Im Übrigen ist die Debatte auf Islam und Judentum beschränkt. Andere, in Deutschland ebenfalls verbreitete Religionen wie Buddhismus oder Hinduismus, aber auch das große Spektrum christlicher Gemeinschaften jenseits der Großkirchen, von den Orthodoxen bis zu den evangelischen Freikirchen, werden nicht berücksichtigt. Sie alle lassen sich aufgrund ihrer religionssoziologischen Charakteristika kaum in das System der „hinkenden Trennung“ integrieren. Das gilt umso mehr für die mittlerweile größte „Konfession“ in Deutschland, die der Konfessionslosen. Zu ihr sind, neben ehemaligen Christen, auch viele Menschen mit muslimischem sowie jüdischem Hintergrund zu rechnen. Von ihrer Existenz nimmt das System keine Notiz. Es geht noch immer davon aus, dass jeder Mensch religiös ist.

Angesichts dieser Lage ist die Ausbildung von Theologinnen und Theologen an Universitäten in erster Linie als Dienstleistung des Staates (und der betreffenden Universitäten) für die dadurch privilegierten Religionsgemeinschaften zu sehen. Je größer und bunter die Vielfalt der Religionen wird, umso unbefriedigender ist diese Lage, auch wenn gerade für die Gruppe der Muslime eine solche Reflexionsinstanz angesichts der komplexen Adaptionsprozesse im deutschen Kontext zweifelsohne bedeutsam ist.

Soweit an diesem System festgehalten werden soll (wofür es politische Gründe geben mag), müssen zumindest die skizzierten Begleiterscheinungen behoben werden. Wie in den Empfehlungen des Wissenschaftsrats formuliert, sollten sich theologische Fakultäten auf ihre Kernfelder konzentrieren. Professuren mit nicht explizit theologischen Widmungen sollten in andere Fakultäten umgesetzt werden. Theologiestudierende brauchen auch Kenntnisse etwa in Religions- und Islamwissenschaft, Judaistik, Religionssoziologie.

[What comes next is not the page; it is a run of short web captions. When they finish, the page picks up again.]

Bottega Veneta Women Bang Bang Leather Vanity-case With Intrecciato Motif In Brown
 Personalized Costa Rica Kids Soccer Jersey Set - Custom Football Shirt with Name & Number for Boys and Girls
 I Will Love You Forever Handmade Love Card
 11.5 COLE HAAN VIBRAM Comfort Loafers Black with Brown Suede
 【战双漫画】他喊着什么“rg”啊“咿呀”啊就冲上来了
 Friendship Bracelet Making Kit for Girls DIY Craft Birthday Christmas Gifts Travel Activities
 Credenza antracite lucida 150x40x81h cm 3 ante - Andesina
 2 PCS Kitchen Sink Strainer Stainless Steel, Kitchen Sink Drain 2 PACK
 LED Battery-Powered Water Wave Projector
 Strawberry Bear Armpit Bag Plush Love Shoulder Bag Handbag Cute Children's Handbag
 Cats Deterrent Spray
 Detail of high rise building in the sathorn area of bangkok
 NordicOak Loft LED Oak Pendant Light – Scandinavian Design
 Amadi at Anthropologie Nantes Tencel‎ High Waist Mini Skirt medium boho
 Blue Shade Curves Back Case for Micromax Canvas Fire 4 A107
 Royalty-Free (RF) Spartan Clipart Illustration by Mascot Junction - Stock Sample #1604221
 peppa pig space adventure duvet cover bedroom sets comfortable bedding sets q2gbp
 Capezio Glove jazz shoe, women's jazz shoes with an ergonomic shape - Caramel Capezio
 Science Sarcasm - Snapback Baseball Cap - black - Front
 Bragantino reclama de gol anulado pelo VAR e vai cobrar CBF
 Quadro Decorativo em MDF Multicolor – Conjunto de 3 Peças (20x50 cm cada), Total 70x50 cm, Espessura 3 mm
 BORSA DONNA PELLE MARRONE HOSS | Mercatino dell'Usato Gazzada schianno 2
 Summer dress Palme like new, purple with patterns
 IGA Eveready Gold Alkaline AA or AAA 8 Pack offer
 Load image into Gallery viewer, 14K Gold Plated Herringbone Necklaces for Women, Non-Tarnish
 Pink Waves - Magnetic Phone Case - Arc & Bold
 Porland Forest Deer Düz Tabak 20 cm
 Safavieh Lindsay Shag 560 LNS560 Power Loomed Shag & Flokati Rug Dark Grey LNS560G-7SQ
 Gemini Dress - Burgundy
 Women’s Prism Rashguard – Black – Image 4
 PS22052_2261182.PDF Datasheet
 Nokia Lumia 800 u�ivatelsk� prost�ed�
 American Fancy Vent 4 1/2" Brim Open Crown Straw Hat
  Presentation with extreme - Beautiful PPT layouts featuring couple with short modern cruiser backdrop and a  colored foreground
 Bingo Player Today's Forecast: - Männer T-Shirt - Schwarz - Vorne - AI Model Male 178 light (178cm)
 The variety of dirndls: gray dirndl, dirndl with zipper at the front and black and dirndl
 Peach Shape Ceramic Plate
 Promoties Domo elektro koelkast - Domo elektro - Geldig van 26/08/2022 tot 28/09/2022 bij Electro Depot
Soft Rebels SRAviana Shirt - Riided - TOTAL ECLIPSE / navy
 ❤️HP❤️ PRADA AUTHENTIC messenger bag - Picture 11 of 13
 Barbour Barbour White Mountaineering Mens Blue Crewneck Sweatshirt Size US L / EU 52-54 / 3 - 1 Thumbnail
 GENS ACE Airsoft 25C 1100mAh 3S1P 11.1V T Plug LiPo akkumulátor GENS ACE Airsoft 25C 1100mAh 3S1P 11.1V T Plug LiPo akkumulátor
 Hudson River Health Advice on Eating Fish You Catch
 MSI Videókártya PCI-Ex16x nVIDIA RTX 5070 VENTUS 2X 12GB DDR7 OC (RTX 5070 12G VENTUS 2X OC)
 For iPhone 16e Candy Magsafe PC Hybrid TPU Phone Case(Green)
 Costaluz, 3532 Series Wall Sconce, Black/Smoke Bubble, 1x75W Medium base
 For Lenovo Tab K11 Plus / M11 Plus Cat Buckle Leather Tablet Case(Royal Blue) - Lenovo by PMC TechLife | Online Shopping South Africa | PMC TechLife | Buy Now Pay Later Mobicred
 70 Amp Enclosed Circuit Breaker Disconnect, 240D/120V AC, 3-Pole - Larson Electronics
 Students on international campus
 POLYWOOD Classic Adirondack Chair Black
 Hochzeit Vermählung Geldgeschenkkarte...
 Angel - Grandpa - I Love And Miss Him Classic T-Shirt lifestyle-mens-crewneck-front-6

Aber warum sollen sie das nicht in anderen Fakultäten lernen, soweit es dort angeboten wird? Falls es spezifische Gründe gibt, solche Professuren dennoch in theologischen Fakultäten zu erhalten, müssen die betreffenden Kirchenleitungen und Fakultäten bereit sein, in diesen Fällen auf die Konfessionsbindung und das Mitspracherecht der Kirchen bei der Berufung zu verzichten. Entsprechendes muss auch für die neuen muslimischen Zentren gelten.